Now I know. To me, that bruise represented the internal bruise I’d suffered when my husband of eighteen years told me that he didn’t love me anymore. No one can see those kinds of bruises. You carry them around inside you and knock them against the hard edges of life. Jim and I had been spending some time apart – a ‘trial separation’ the psych called it. I was trying to make a decision. My husband was not going to change. Could I live with that and practice ongoing acceptance? If I couldn’t, it was time to leave and move on. She made it sound easy.
We meet after sunset at Cable Beach foreshore. It is a blood-orange sky and the lighthouse to the south strikes a flash-pulse that matches one out of every ten of my heartbeats.

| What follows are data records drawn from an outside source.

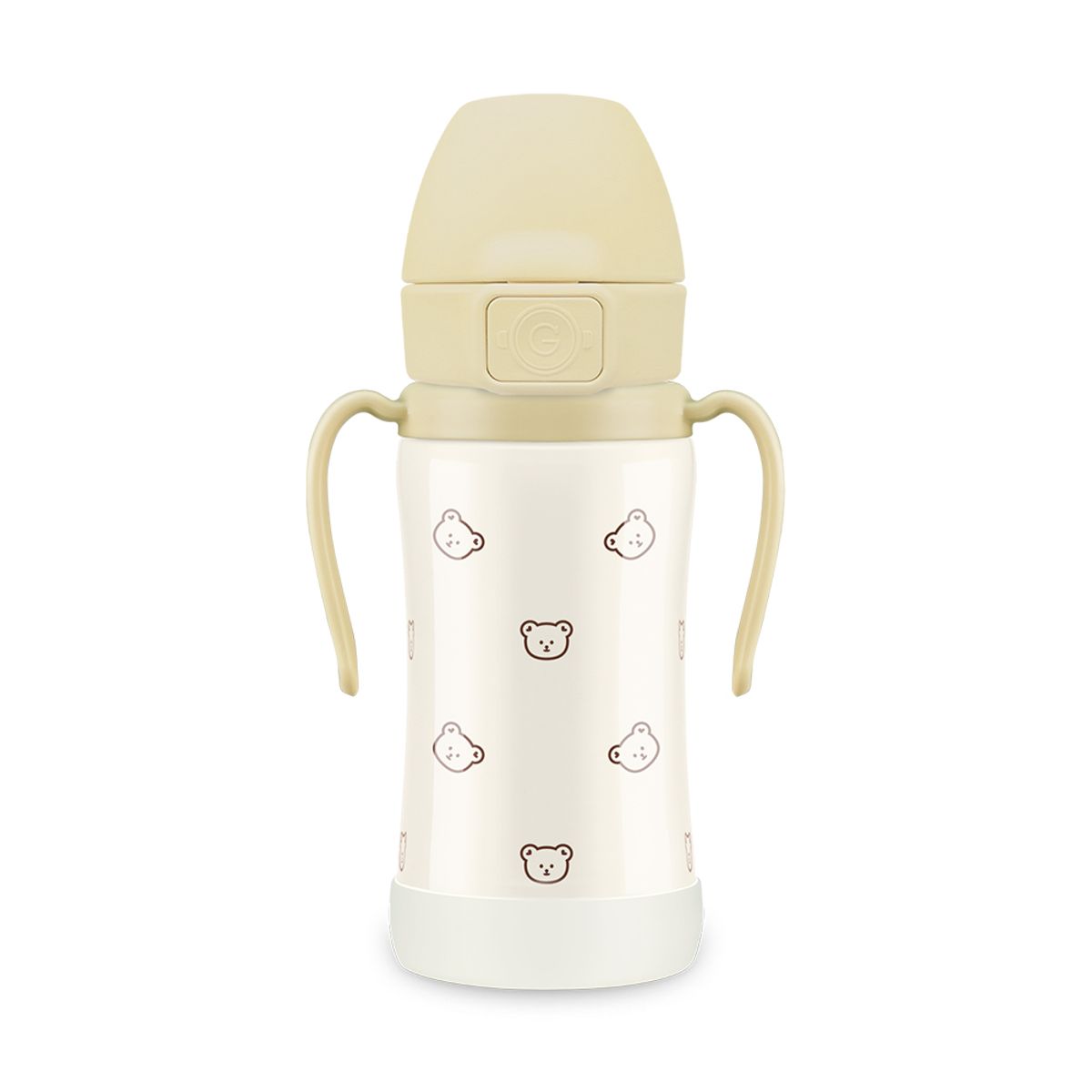 그로미미(GROSMIMI) 원터치 스테인리스 빨대컵 돗꼼 300ml (버터)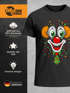 Herren T-Shirt Clown Gesicht Fasching Karneval Kostüm-Ersatz Verkleidung Last Minute Faschingskostüme Männer Funshirt Moonworks®preview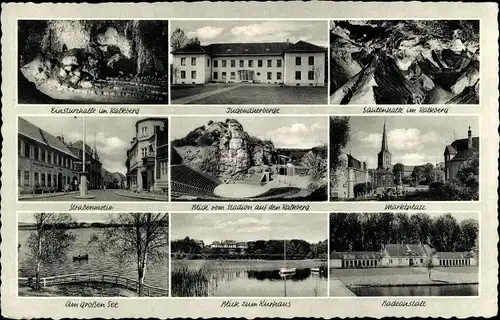 Ak Bad Segeberg in  Holstein, Markt, Kirche, Jugendherberge, Kalkberg, Höhlen, Kurhaus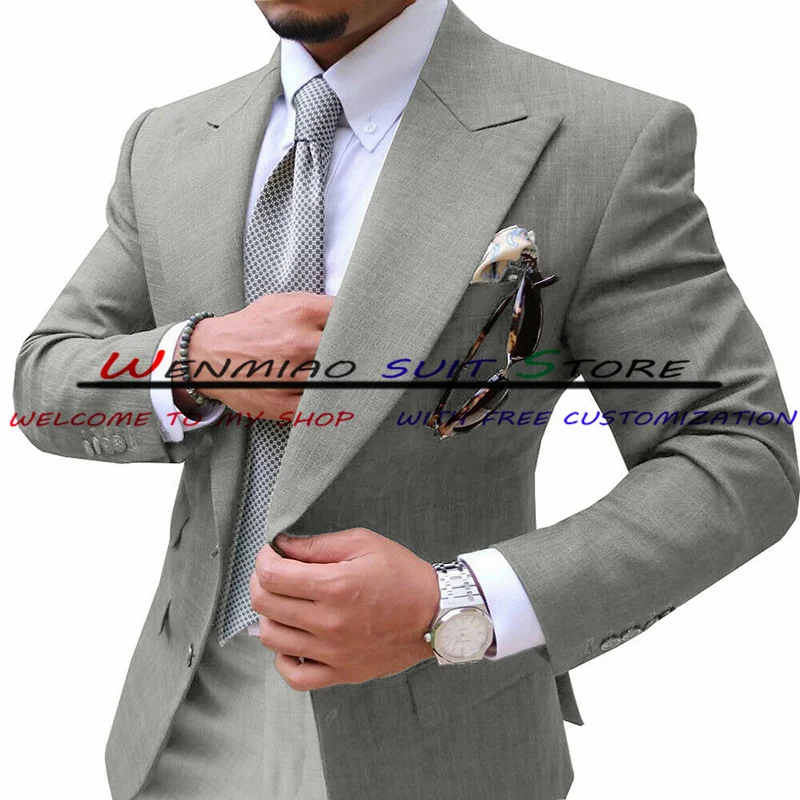 Point Lapel Wedding Groom Tuxedo Men's Suit Two Piece Grey Formal Business Blazer Pants Suit Male Jacket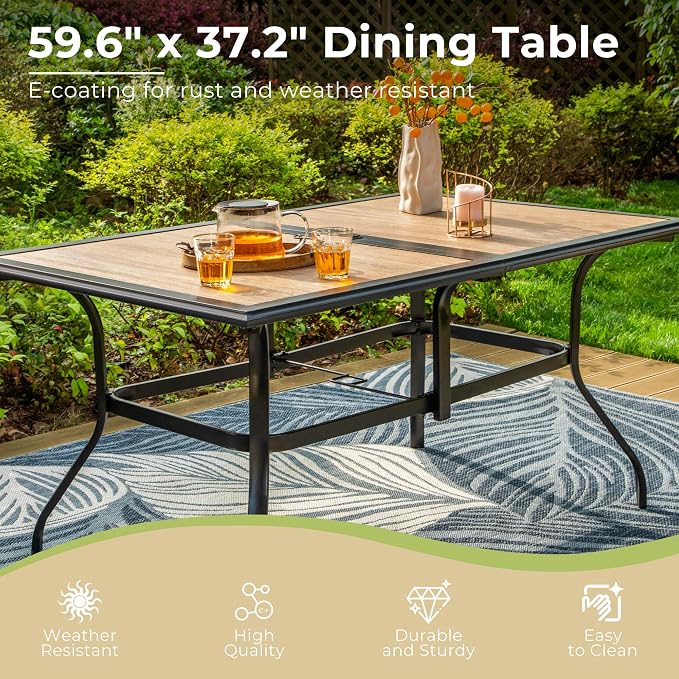 MIXPATIO Outdoor Patio Dining Table for 6, 60" x 37" Rectangular Metal Patio Dining Table with Umbrella Hole and Faux Wood Tabletop, All Weather Wrought Iron Black Outdoor Table for Backyard and Porch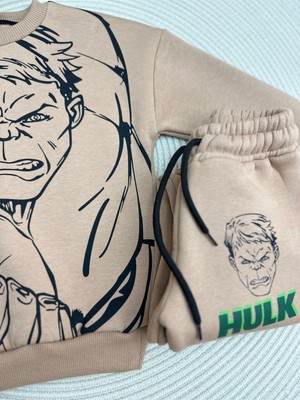 Baby Mini Elf Hulk Figürü Desenle Kahverengi Erkek Takım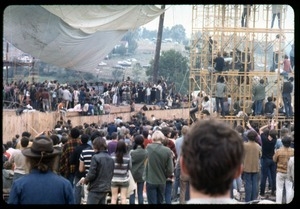Audience near the stage at the Woodstock Festival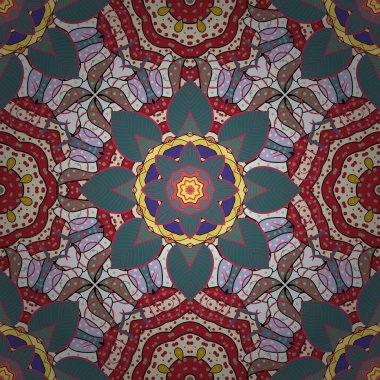 Arap, Hint, Türk ve Osmanlı dekorasyon tarzı kültür. Sihirli vintage kumaş. Etnik süsleme bej, tarafsız, mavi, kırmızı ve pembe renkleri üzerinde. Mandala Dikişsiz desen renkli el çizilmiş vektör.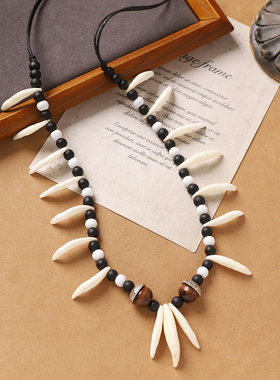 原创长款满编狗牙项链复古毛衣链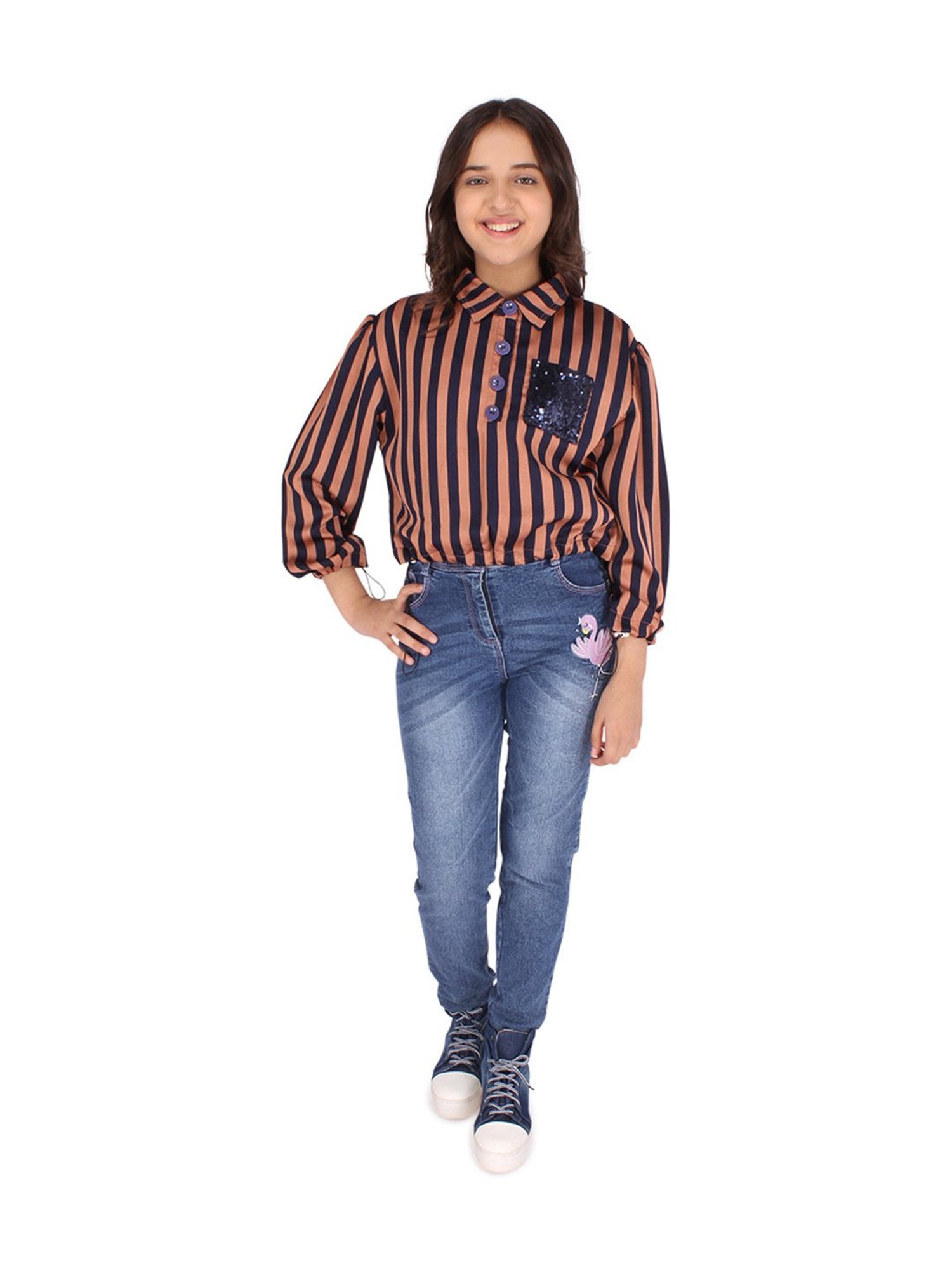 Cutecumber Kids Brown & Black Striped Full Sleeves Top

I sit side-saddle on the railing, back to the beach, swinging my foot. Jim straddles the railing like it’s a horse. I take a deep breath and say, ‘I can’t make a decision until I know where I stand. My feeling is that you don’t love me anymore.’
Jim is unusually quick in his response. ‘Yep,’ he says, ‘that about sums it up.’
Ouch! Striking without breaking the skin or drawing blood. Bruise, right? Big bloody bruise.
I paraphrase the whole thing again just to make sure he hasn’t misunderstood the question, but nope, he got it right the first time. He lists reasons that seem so flimsy and unsubstantial. I listen and the foot that is attached to my leg keeps swinging while my world tumbles down around me.
Before he leaves he asks, ‘Are you alright?’
‘Sure,’ I say in a small voice. It is all I can manage.
We all bruise. It’s inevitable, isn’t it, that people will bruise us. We know they will, because we’ve been bruisers
ourselves. Girls are particularly good at landing blows on soft places with pointy words and deeds. I’ve been bruised by lots of people. Truth be told, I’ve done a lot of bruising back although I try hard, very hard nowadays to limit that. There’s enough bruising being done in the world without me adding to it.
I used to think that some of us are like mangoes and bruise easily, while others are of the potato variety and can take a bit of a pounding. It’s a character-type thing. But my observations have revealed that we can morph from potatoes to mangoes, and vice-versa. Most of us develop tough skins at some stage in our lives. But there are times when we peel off our armour or allow people to get in. We expose our soft, squishy side to people we feel we can trust or people we want to trust. We thrust our vulnerability at them, whether they like it or not, and say, ‘Here you go, welcome to the Inside Me.’
After Jim declared he didn’t love me anymore, I went back to the place where I’d been boarding and played Scrabble with a friend. I put down a seven-letter word on the triple word score – ‘bruised’ – and scored a whopping eighty-three points. For about ten seconds, this made me feel better. Twenty seconds, when she assured me she wasn’t going easy on me. Twenty seconds of not hurting at this stage of the separation game is good. Baby steps …
I tossed and turned that night. I got up with the sun and walked from the beach to the port. I shared my journey with a big dog that refused to ‘Go Home!’ Maybe it didn’t have a home. In my sleep-deprived delirium I told myself that the dog was there to protect my heart, at which point, he took off into the dunes and I never saw him again. A small, stripey fish swam alongside me for the rest of the way and I made sure not to scare off this travelling companion by imposing grand titles on it like ‘Heart Protector’.
I hitched a ride back home with a chopper pilot and we shared break-up stories. His wife had suffered from postnatal depression.